Burford also points out, however, that the pixel art aesthetics associated with indie platformers don’t translate well to horror.
“I think horror is most interesting when it’s 3D. I feel nothing, absolutely nothing, playing 2D horror pixel art games or reading most horror text games (shout out to “my father’s long, long legs” for being the sole exception). I think horror needs a reality to it, and I think the fifth generation is where that technology could finally get players really feeling that sense of dread. I have a specific, personal affection for that era of visual design, but I suspect we’re seeing this boom more because it’s a sort of minimum viable product for 3D horror.”
So, Paratopic, OK/NORMAL, September 1999 and DUSK live at the three-way intersection of creativity, nostalgia and practicality. But, there’s another reason that the ‘90s inspire horror; a feeling of transition that infused the era; maybe only that era.
Embryos of the Future
For Jessica Harvey, one of the developers of Paratopic at Arbitrary Metric, the ‘90s are most unsettling as a sketchy prediction of what was to come; a barely functioning prototype of the aughts and twenty-teens.
“In retrospect, the ‘90s are discernable as a threshold period. A space between worlds. Most pertinently, the beginning of cybernetics (both technological and controlled-systematic) enveloping society. Flawed, embryonic renditions of current-modern technologies and their accompanying stillborn ideas,” Harvey writes.
“A lot of games do a good job of embodying this. Not just the jankiness of their pre-GPU 3D, but in how elements we now take for granted felt quite wrong. How character controls felt, how basic interfacing was executed, how AI behaved. The utter abstraction within many pieces of level design.”
It was a decade of change. Power in American politics transferred from a Republican party that had held the executive branch for a dozen years to a young Democratic upstart from Arkansas. The Internet began to take on a life of its own.
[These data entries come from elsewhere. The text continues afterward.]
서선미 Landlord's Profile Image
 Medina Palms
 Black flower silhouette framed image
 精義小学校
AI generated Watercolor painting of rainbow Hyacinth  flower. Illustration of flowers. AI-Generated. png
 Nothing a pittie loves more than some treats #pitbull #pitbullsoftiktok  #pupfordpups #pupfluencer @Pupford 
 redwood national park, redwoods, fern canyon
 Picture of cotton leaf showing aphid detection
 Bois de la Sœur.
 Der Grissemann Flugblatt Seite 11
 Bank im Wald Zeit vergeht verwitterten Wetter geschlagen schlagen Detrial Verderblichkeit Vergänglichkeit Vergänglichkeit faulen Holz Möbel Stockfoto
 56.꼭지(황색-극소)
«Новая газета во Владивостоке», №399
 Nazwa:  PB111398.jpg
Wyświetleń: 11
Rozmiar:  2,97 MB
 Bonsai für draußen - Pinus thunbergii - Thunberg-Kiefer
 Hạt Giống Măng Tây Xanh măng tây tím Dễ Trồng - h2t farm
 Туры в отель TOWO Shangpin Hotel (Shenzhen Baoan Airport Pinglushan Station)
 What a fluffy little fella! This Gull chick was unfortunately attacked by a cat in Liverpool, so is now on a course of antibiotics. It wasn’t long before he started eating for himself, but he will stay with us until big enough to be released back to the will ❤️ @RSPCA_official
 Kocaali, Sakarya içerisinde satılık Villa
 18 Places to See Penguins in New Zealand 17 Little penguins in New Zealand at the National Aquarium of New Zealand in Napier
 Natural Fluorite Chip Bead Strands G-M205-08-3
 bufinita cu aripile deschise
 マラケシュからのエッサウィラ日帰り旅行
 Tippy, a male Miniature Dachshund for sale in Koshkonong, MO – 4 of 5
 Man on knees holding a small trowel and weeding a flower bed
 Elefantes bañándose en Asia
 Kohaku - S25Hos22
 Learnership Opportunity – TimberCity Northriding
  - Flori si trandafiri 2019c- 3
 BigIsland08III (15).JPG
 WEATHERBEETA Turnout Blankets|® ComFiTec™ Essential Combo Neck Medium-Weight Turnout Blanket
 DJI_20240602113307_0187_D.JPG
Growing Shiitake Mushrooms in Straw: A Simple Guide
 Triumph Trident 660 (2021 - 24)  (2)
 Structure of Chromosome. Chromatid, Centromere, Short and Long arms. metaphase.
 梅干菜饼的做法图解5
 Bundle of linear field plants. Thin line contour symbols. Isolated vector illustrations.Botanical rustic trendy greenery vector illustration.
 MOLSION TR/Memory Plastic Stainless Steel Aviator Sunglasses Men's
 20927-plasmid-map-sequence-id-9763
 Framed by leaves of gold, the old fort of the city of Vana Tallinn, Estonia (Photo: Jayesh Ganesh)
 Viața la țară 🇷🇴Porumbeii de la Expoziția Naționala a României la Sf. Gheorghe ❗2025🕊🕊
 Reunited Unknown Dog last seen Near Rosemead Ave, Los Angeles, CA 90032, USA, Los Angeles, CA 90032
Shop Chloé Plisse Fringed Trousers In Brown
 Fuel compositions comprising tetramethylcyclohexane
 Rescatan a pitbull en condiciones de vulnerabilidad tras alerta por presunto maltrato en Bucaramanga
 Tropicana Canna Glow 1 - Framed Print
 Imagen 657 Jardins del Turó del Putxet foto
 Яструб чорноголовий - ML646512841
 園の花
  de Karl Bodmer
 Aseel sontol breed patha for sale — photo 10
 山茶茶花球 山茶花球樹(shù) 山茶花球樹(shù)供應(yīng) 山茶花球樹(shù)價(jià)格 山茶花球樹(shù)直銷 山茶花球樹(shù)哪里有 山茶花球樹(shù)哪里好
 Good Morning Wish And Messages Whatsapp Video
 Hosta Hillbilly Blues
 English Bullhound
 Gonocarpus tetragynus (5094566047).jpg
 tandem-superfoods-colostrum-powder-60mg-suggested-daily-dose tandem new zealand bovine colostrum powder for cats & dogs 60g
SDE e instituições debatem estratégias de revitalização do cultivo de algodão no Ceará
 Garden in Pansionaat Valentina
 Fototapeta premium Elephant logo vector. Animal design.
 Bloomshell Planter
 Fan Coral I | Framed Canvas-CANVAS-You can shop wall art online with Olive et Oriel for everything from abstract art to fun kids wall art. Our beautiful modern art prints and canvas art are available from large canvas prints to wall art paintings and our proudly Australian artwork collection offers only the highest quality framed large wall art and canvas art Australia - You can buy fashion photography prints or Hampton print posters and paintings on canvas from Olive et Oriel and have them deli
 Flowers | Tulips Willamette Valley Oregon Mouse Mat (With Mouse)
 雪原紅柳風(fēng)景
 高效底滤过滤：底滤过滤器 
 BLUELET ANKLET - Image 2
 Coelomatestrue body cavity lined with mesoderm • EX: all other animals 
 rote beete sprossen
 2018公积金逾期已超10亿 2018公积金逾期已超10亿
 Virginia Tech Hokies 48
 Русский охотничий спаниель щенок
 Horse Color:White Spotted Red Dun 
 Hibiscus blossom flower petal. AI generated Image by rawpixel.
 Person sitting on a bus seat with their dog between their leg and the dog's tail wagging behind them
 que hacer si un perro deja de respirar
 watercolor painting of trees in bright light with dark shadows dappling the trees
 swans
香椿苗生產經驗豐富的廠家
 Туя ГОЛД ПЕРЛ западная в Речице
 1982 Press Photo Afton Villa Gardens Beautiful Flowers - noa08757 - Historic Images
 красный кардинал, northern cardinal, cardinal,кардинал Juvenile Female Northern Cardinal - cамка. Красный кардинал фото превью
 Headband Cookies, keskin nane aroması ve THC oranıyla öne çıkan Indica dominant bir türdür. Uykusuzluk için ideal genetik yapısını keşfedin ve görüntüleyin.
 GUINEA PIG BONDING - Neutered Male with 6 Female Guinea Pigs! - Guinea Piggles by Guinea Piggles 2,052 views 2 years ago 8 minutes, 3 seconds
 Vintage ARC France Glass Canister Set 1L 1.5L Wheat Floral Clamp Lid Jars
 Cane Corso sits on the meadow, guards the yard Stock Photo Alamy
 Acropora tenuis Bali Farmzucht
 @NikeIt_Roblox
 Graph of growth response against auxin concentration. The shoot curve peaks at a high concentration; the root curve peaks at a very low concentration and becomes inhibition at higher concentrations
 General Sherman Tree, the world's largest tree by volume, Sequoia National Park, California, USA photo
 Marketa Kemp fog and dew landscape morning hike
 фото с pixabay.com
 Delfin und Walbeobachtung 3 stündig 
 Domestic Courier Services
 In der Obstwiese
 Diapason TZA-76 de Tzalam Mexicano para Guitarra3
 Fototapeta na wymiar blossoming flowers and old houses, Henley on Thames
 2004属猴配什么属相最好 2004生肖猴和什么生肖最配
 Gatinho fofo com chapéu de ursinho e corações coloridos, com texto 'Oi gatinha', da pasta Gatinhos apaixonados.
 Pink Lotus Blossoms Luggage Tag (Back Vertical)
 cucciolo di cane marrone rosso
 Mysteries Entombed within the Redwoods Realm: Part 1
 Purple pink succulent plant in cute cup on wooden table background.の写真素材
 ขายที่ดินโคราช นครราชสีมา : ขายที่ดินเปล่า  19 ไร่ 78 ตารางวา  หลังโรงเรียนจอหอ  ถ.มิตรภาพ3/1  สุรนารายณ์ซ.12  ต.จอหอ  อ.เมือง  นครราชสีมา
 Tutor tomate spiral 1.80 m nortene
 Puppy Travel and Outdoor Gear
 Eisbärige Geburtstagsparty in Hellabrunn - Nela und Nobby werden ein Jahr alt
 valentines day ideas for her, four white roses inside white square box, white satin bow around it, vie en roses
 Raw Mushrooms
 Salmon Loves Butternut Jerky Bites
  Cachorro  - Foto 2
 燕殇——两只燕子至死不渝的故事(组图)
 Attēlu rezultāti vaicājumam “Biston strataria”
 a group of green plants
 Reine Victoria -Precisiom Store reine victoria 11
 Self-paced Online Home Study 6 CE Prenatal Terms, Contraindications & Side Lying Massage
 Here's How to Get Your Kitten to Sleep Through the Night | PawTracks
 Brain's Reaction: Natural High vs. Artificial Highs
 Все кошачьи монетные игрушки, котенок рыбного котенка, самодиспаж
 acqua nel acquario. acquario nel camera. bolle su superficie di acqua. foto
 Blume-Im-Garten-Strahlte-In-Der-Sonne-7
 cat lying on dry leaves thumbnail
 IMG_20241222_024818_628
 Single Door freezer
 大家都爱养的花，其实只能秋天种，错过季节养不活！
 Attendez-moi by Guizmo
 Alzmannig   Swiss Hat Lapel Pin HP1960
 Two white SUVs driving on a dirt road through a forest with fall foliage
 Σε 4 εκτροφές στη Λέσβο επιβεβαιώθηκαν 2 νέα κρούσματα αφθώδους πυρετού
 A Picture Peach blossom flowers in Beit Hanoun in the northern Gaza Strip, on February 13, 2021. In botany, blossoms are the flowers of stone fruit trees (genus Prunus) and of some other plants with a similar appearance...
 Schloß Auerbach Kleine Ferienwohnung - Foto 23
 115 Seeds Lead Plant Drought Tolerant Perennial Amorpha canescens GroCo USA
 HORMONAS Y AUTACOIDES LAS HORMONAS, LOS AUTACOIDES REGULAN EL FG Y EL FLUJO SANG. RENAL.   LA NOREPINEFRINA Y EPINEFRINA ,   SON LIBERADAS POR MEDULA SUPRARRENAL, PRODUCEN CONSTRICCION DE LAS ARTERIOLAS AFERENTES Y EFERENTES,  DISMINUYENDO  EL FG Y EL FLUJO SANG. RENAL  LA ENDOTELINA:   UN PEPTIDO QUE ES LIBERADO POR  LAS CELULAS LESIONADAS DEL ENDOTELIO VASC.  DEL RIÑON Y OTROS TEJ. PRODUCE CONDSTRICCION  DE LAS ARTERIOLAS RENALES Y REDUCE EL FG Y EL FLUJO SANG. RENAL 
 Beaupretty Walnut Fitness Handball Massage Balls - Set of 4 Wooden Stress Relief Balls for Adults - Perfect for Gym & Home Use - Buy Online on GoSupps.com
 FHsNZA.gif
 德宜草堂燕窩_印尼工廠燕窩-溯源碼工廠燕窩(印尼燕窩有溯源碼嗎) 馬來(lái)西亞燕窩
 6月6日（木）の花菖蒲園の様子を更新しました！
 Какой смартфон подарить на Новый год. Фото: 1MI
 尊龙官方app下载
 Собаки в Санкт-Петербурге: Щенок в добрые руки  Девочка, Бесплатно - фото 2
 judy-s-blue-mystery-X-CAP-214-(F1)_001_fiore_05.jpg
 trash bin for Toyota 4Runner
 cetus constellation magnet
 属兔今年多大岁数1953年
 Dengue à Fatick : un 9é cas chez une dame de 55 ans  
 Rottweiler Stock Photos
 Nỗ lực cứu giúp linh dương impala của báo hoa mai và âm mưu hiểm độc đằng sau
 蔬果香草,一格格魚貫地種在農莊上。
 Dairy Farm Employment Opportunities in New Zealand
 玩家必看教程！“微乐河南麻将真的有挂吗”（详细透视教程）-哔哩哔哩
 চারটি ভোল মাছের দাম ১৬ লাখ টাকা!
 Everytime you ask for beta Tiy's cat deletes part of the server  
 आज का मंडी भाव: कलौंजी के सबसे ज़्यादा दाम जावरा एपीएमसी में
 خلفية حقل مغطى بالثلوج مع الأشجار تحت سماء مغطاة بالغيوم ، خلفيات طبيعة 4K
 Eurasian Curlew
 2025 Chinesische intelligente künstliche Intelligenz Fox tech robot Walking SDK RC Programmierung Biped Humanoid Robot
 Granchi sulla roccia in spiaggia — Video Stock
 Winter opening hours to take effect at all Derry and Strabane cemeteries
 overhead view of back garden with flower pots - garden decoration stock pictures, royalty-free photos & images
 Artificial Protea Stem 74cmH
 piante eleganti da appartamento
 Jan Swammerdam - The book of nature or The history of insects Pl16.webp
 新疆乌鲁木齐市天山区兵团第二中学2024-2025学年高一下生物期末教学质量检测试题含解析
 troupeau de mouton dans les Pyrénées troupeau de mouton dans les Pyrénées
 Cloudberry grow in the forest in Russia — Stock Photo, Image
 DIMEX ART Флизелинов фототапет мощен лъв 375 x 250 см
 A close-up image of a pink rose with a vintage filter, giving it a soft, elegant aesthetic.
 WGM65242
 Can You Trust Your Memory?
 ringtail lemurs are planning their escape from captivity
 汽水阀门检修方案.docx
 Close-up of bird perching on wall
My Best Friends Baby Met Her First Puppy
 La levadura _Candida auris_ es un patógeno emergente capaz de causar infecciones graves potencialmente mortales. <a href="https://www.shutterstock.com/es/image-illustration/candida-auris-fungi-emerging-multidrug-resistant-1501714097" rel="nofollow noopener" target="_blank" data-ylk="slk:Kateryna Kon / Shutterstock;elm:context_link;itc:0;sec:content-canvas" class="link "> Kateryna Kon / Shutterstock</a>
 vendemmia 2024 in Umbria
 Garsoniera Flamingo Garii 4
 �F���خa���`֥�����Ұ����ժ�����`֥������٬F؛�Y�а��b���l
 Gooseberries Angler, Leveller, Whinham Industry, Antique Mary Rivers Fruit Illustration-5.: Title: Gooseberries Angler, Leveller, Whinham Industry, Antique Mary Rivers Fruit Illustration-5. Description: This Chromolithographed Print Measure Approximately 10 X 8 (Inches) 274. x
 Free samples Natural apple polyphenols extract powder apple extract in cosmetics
We didn’t live online in the way we do now, but we took daily expeditions into chatrooms and early clip-arty websites. Most importantly for our considerations here, 3D graphics took their first unsteady steps before defining the look of the games medium for the decades that followed.
Harvey notes that the 90s was an era dominated by new technologies but also a feeling of hope for the future: now we've got plenty of the former, and not so much of the latter.
“The ‘90s were a fleeting, ephemeral time. A brief blossoming of hope from the Thatcherite rubble behind it, a bloom that quickly rotted away and has not and will not be seen again. Yes, that positivity was highly localized and deeply shallow, but nonetheless for those who saw it a strong feeling resonates from things lost that will never be regained.”
“Those feelings of hope feed the technological exploration of the era. It is a time period full of things that could have been, points where time and progress could have visibly branched. All that shit is terribly haunted and, with the visuals in particular, I really tried to bridge us into that.”
Maybe then, that’s what these games are: haunted. While throwback Metroidvanias often aim to evoke the joy of childhood, these horror games are built with the assumption that this era and its simple happiness is long gone. Nostalgia, then, is it’s own kind of horror; one where we long for the ghosts to appear, for the corpses to rise from their graves.
They’re dead and gone. That's the scare. You can remember, but you can never go back.